- **SUPPLIED INFORMATION**
· · · · ·

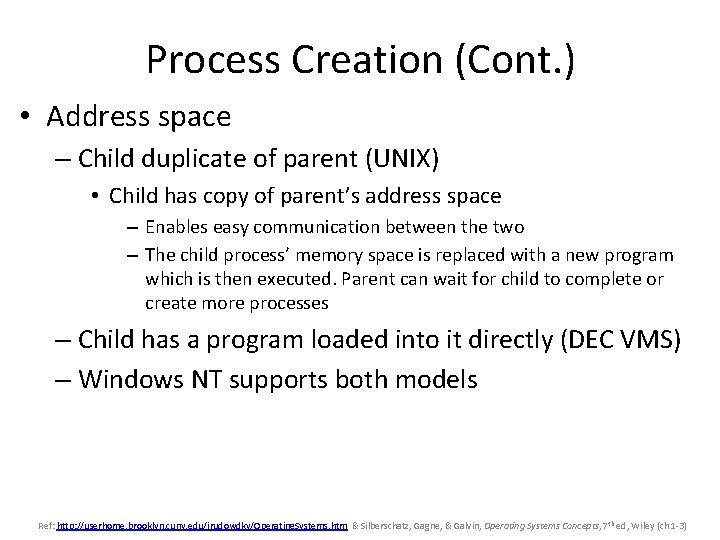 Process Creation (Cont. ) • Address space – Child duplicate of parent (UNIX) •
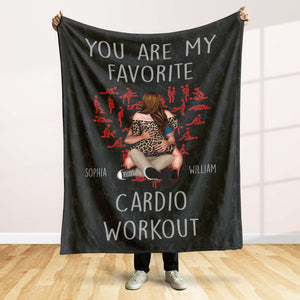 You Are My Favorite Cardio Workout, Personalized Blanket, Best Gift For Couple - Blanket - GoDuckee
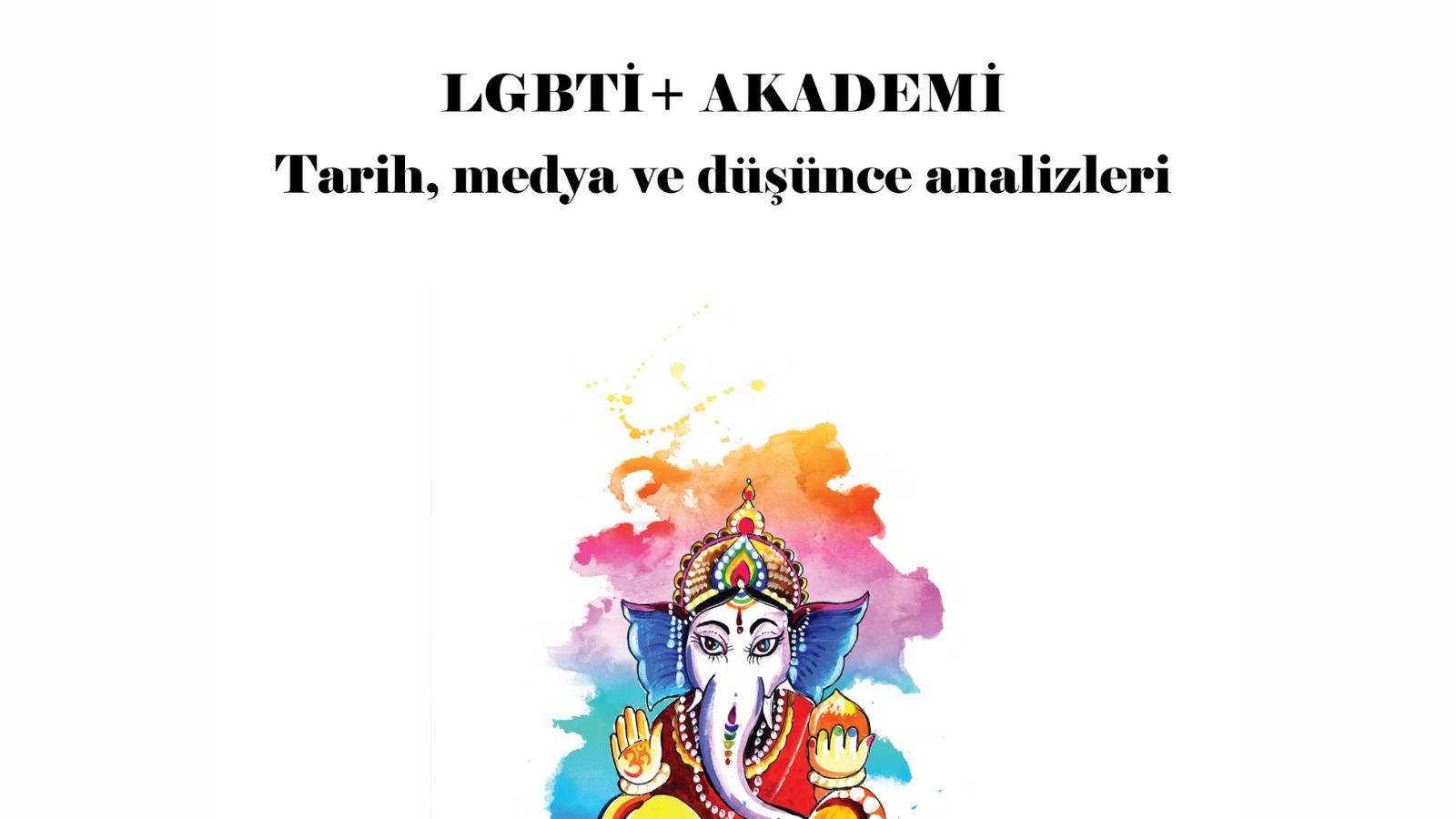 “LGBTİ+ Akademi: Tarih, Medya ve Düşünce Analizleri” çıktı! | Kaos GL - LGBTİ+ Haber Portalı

· · · · ·

- **TASK TO CARRY OUT**
Repeat the listing above exactly, with no pictures.

- **RESPONSE FOR THIS EXERCISE**
 Process Creation (Cont. ) • Address space – Child duplicate of parent (UNIX) •
 You Are My Favorite Cardio Workout, Personalized Blanket, Best Gift For Couple - Blanket - GoDuckee
 “LGBTİ+ Akademi: Tarih, Medya ve Düşünce Analizleri” çıktı! | Kaos GL - LGBTİ+ Haber Portalı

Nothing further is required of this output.